• YOUR GOAL:
The entries are to be reproduced verbatim, and their pictures left out.

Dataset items
↓↓↓

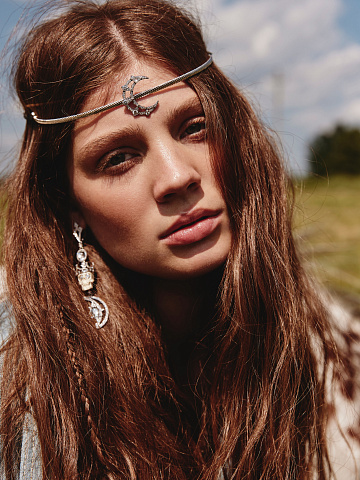 Тиара из серебра и фианитов с полумесяцем, 2 Тиара из серебра и фианитов с полумесяцем, 2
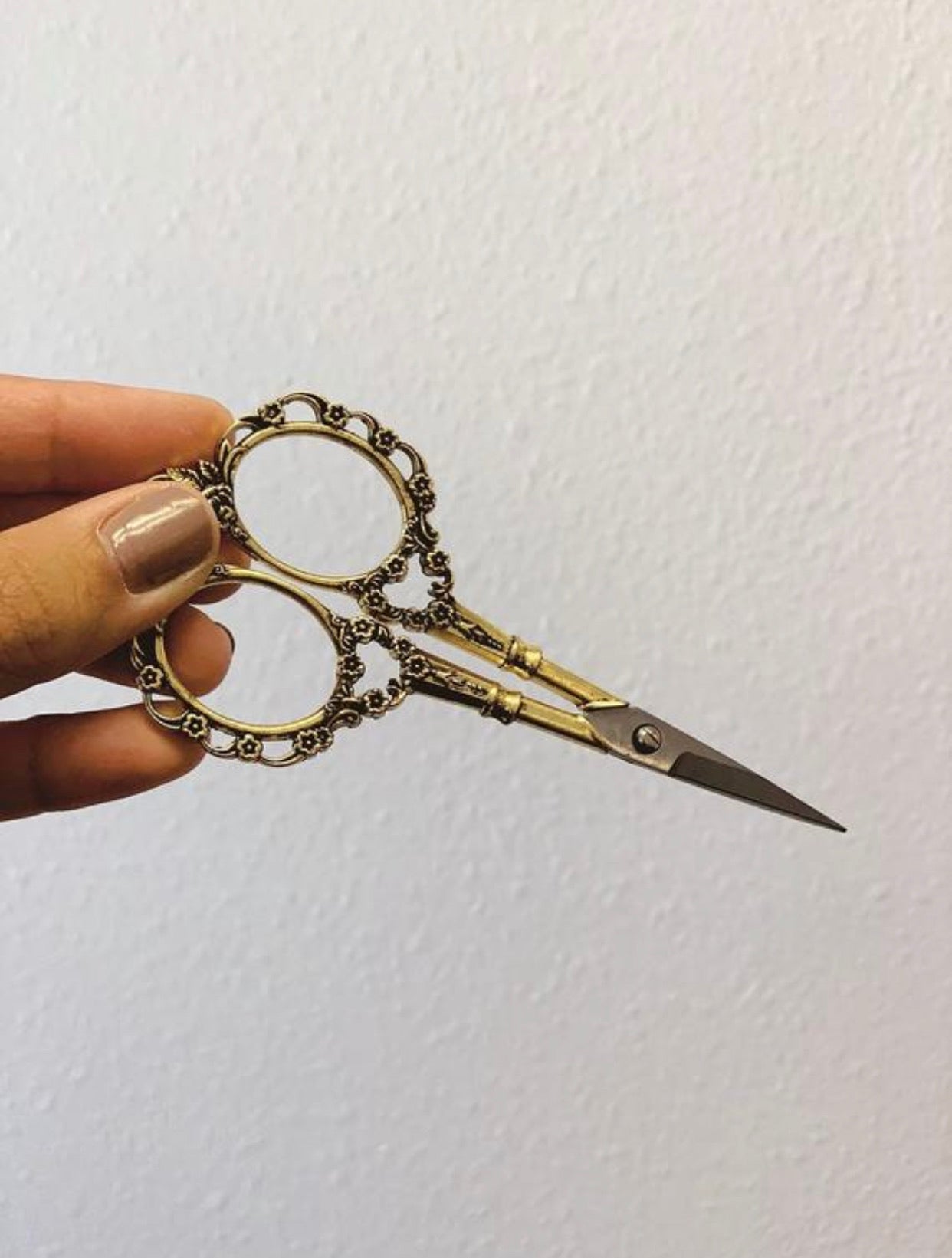 Flora Gold Stainless Steel Embroidery Scissors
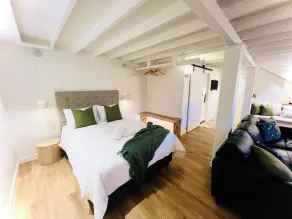 Boutique Accommodation for Couples - \nTwo couples. Two levels. One escape! - Image 5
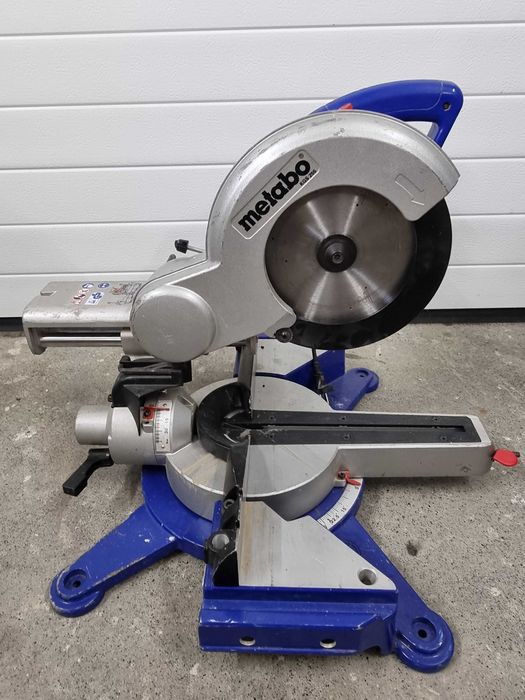 Pilarka ukosowa Metabo KGS 255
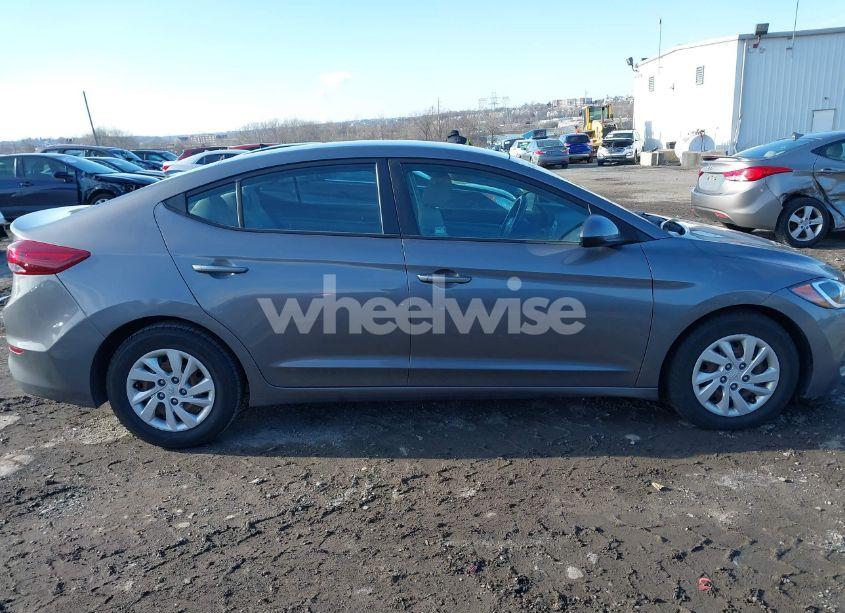 Photo 13 of 2018 Hyundai Elantra SE (VIN 5NPD74LF5JH290342)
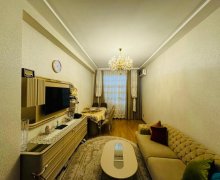 qara qarayevde satilan evler Qara Qarayev m., Nizami r.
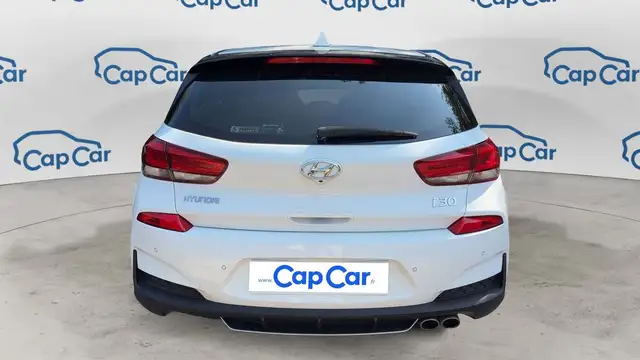 Hyundai i30 view 3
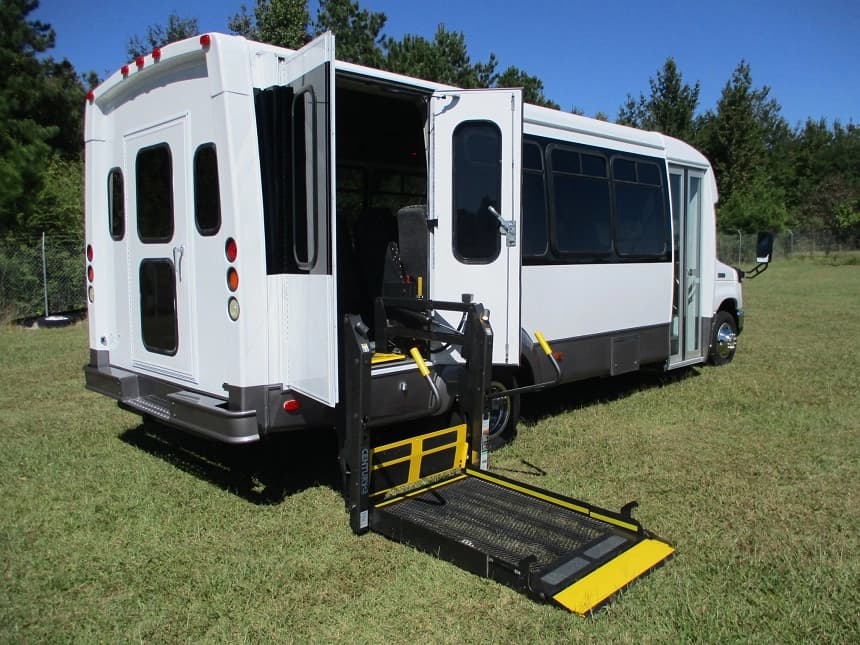 2009 Elkhart Coach Ford E450 Cutaway - Image 2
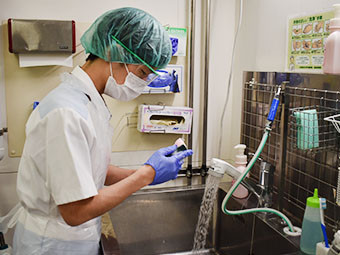 日本医科大学付属病院での軽作業スタッフ（医療器具を清潔に保つ作業）（ID：35919）の求人画像１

↑↑↑

• RESULT OF THIS TASK:
 Тиара из серебра и фианитов с полумесяцем, 2 Тиара из серебра и фианитов с полумесяцем, 2
 Flora Gold Stainless Steel Embroidery Scissors
 Boutique Accommodation for Couples - \nTwo couples. Two levels. One escape! - Image 5
 Pilarka ukosowa Metabo KGS 255
 Photo 13 of 2018 Hyundai Elantra SE (VIN 5NPD74LF5JH290342)
 qara qarayevde satilan evler Qara Qarayev m., Nizami r.
 Hyundai i30 view 3
 2009 Elkhart Coach Ford E450 Cutaway - Image 2
 日本医科大学付属病院での軽作業スタッフ（医療器具を清潔に保つ作業）（ID：35919）の求人画像１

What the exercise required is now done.